From what I can tell at 05:15:46,230 the spring service leaves the broker and then at 14:21 the lambda connects - which I bet is timing out because there is no service to handle the request.
If the connection was getting closed on the spring application it should automatically reconnect. Maybe something is causing the connection between the broker and the Spring service to be killed, but there is a keep-alive so there should be errors on the broker is it’s running. Is proteus.client.keepalive.enable set to false on your Spring service? Can you think of any reason why the Spring service would shutdown?
I didn’t know there was a “proteus.client.keepalive.enable” so I imagine it’s set to whatever the default is. Would that be “netifi.proteus.client.keepalive.enable” in my application.yml? I’m using the “proteus-spring-boot-starter” btw.

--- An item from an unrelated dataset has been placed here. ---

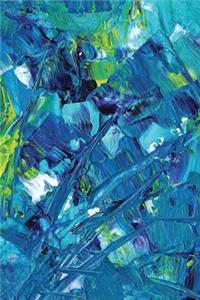 Low Vision Journal with Bold Lines 3/4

The service isn’t shutting down. This app actually has a scheduled task that sends a message to another AWS service every 30 mins.
As far as connectivity, I thought about this myself. I mean, I have seen strange things with Docker Swarm networks before but even if there is some interruption, I would think there would be some recovery mechanism? Also, I’ve turned off the broker before and see exceptions on the Spring side but in this case, there’s nothing. Tonight, I can try removing Swarm from the equation by just running the broker and app locally and just going through the same exercise.
Now, does the broker try to reach out to the Spring app outside of its client side initiated connections? Meaning, the Spring app’s container doesn’t have any exposed port other than the single port that is used for the Spring Web side of the app. I don’t have to expose 8001 (or some other port) so the broker can talk to it do I?
Depending on what I find out tonight, I’ll also try to work on an entire sample project that I can easily repeat the issue but be able to hand it over so we are on the same page.
Also, is there a minimum Protobuf and Spring Boot version that’s needed for this?
The client will attempt to reconnect anytime the connection is broken. The client should tear the connection and try to reconnect if the keep alive failed. The broker is still taking traffic because I can the lambda connecting.
[quote=“hsteidel, post:35, topic:66”]
As far as connectivity, I thought about this myself. I mean, I have seen strange things with Docker Swarm networks before but even if there is some interruption, I would think there would be some recovery mechanism?
[/quote] There is - it should try to reconnect to the broker when a connection breaks - you should see messages in the Spring applications log files (maybe console out if it’s docker) about it trying to reconnect to the broker and printing error messages if it can’t. I looked at the code keepAlive is to true so if it isn’t getting keep alives it should time out the connection and then try to reconnect if the connection is half open.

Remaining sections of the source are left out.